The Cantillion Effect refers to the inequality that arises when some people get preferred access to newly “printed” money.

Cantillon also had a theory in which the beneficiaries of the state creating the currency is based on the institutional setup of that state. This essentially means, “he who was close to the king and the wealthy”, likely benefitted from the distributional choices of currency through the system.

As new money is created, the first recipients (known as cantillioinaries) are able to make purchases before the prices increases due to the purchases the cantillionaires make with the newly printed money.

The general rule is that those closest to to money printer benefit from a Cantillion Effect.

 

Example:

Blackrock receives a benefit when the Federal reserve purchases their bonds as part of Quantitative Easing.

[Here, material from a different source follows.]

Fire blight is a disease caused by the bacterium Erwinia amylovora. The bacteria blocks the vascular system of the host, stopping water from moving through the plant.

Blackrock is able to buy up homes across the country at the old prices, before the price increases due to the purchases made with the new money.

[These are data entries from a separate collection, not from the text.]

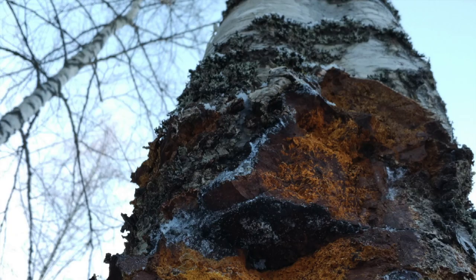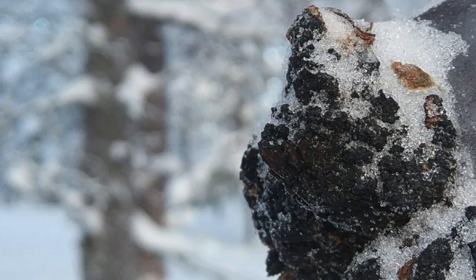As the mycelium grows into the tree, the tree starts to create more wood around it, so it looks like a tumor on the tree.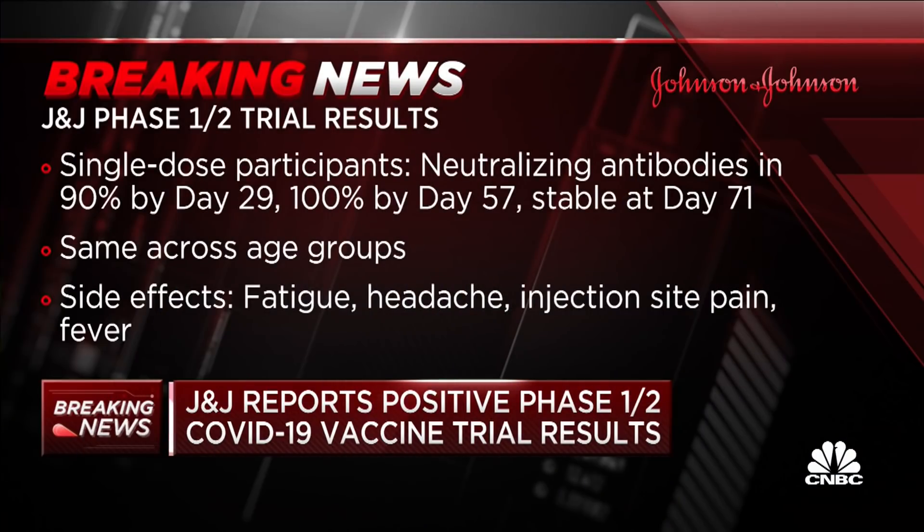This is the shot — just one dose — and that would be a real game changer. What they found in this Phase 1-2 study is that after a single shot, 90 percent of people got neutralizing antibodies by day 29. That was up to 100 percent after two months, and then stable out to day 71.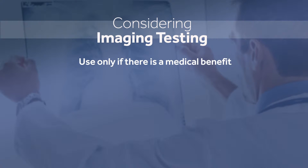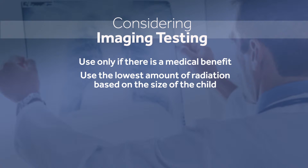The American Academy of Pediatrics is a member of a multi-organizational group called the Alliance for Radiation Safety in Pediatric Imaging, who want to make sure patients ask about and healthcare professionals follow four steps when thinking about getting an imaging study. First, we should only consider an imaging test that uses radiation if there is a definite medical benefit. Second, we should use the lowest amount of radiation for the test based on the size of the child — a concept we call imaging gently.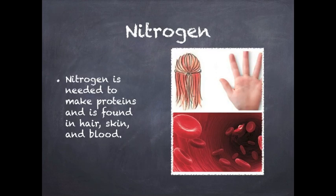Nitrogen is needed to make protein for the human body. Protein can be found in hair, skin, and blood, as well as many other things.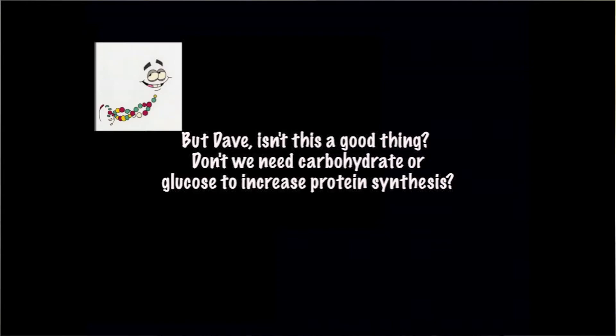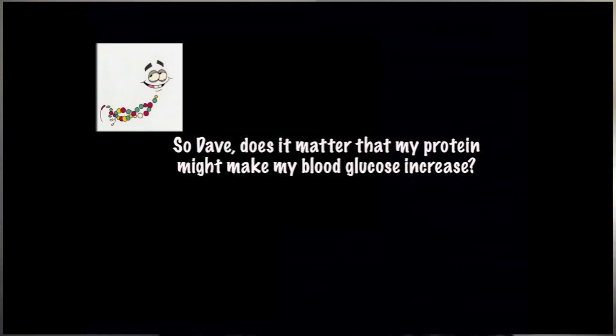But isn't this a good thing? Don't we want carbohydrates or glucose to increase protein synthesis? The answer is no — it really doesn't matter. Studies have demonstrated that combining carbohydrates with protein does not change or increase protein synthesis. And does it matter that your protein might raise blood glucose? No, unless you're diabetic. If you're very sensitive to blood glucose elevations, I'd recommend a protein sweetened with stevia, which has a glycemic load of zero.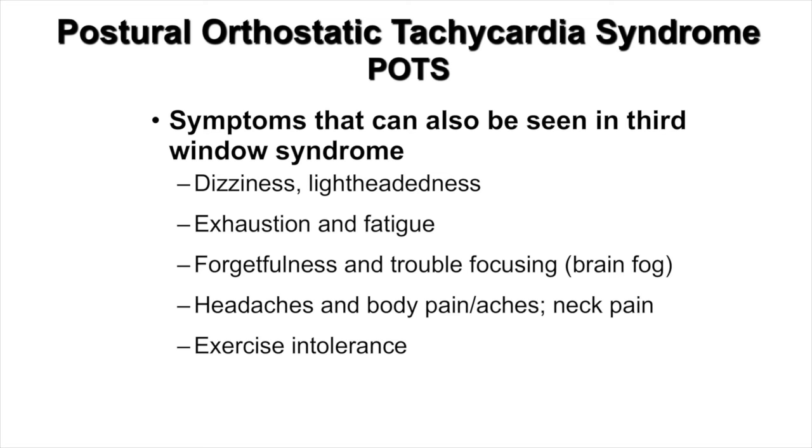I also wanted to highlight some of the symptoms seen with POTS, since these symptoms can be very similar to third window syndrome. Patients can experience dizziness and lightheadedness — however, this isn't sound-induced dizziness. They fatigue easily, become forgetful, have trouble focusing, often describing brain fog, and they have headaches, body pain, neck pain, and are very intolerant to exercise. The patient noted she was diagnosed with POTS in 2015 but didn't pass all the specific POTS tests — only one or two — which is why they assumed it was POTS, started her on medication, and attributed it to deconditioning.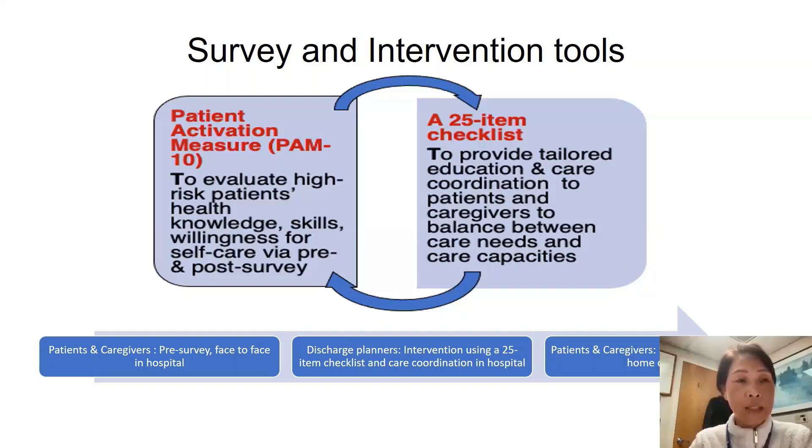The 25-item checklist evaluated patients' care capacities concerning medication adherence, having caregivers at home, visiting physicians, recognizing anticipated problems, and an ability to eat and exercise.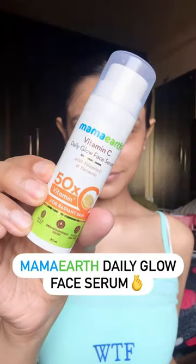Let's test this Viral Daily Glow Lumi Cream. I'm going to start with MamaEarth Daily Glow Face Serum onto my face — it just makes my face so plump and nice.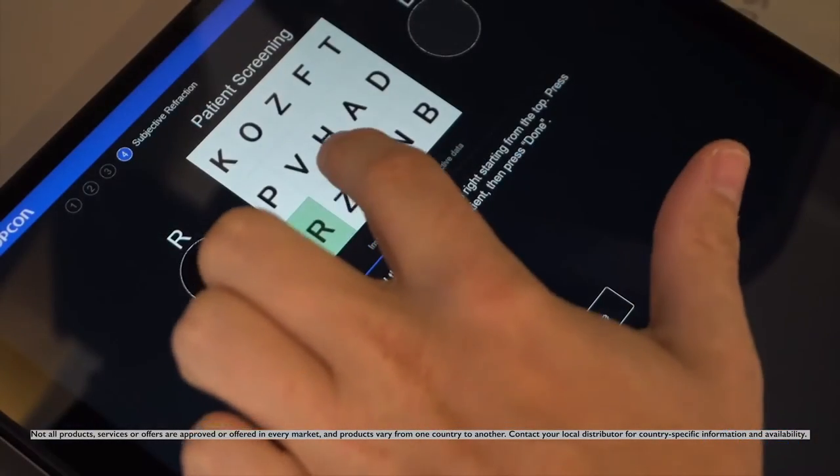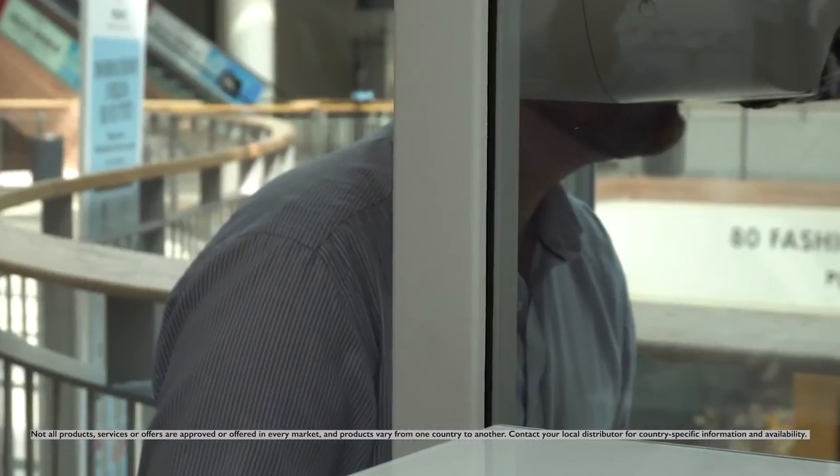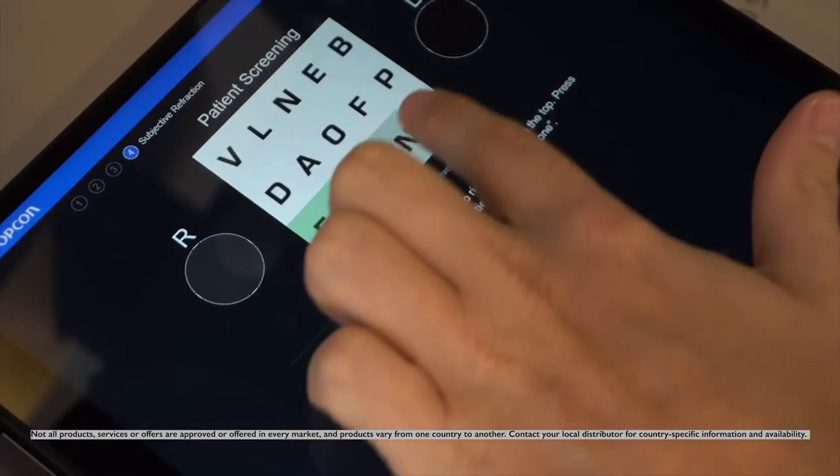TopCon Kronos has also allowed us to speed up the process of the patient experience. Efficiency is what we're all striving for now. We need to see more patients to earn the same money, unfortunately, but with TopCon Kronos, we're able to efficiently move those patients through the office without significant delay, without bottlenecking, and with providing the patient with more time in front of the doctor and less time with the doctor just spinning and grinning.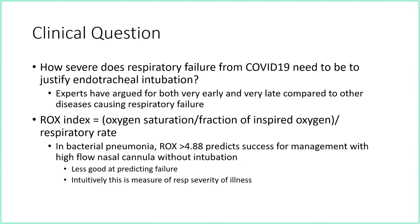One measure we can use for severity of respiratory illness as a trigger to intubate is the ROX index, which is the oxygen saturation divided by the fraction of inspired oxygen — so if you're on 100% oxygen it would be 1.0 — divided by the respiratory rate. The higher the number, the better you're doing; the lower the number, the worse. This was initially proposed for patients on high-flow nasal cannula with bacterial pneumonia, where a ROX greater than 4.88 predicted success without needing intubation.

To see the inequality at work, Blackrock then rents out the homes to young Americans (and others) who can’t afford to purchase a home at high prices.

The danger is that this inequality becomes entrenched when young people (and others) are unable to afford to buy a home.

 

Supply Chain

As supply chains deliver products, price increases are passed up the chain.

  • Chinese Supplier sells T-shirts to an American Supplier,for a $1 higher price
  • American Company sells T-shirts for $1 more.
  • American workers have to purchase the T-shirts at a higher price, but wait up to 1 year to get a raise.
  • In the meantime, the public are stuck paying higher prices at unchaged wages.

 

Who are the Cantillionaires?

Cantillionares are those people who benefit from their proximity of the money printer.

In a Bitcoin-based system, the Cantillion Effect would be eliminated because new Bitcoin is awarded through a competitive mining-process. Anyone can mine Bitcoin. There is not a special benefit from working for the finance industry or a company whose bonds are being bought by the Federal Reserve.

 

Since 2009, the Federal Reserve has bought or manipulated the market to support the issuance of more corporate bonds.  Rather than invest the proceeds in productive purposes, the CEOs of these companies divert the proceeds into stock buybacks.

They essentially go into greater debt (borrow money by issuing bonds) and use that money to inflate their stock prices.

The Fed “money printing” gives the CEOs and other corporate leadership an easy way to boost their stock price and “earn” their bonuses.

It also benefits stockholders, a group that dis-proportionally benefits the top of the income scale.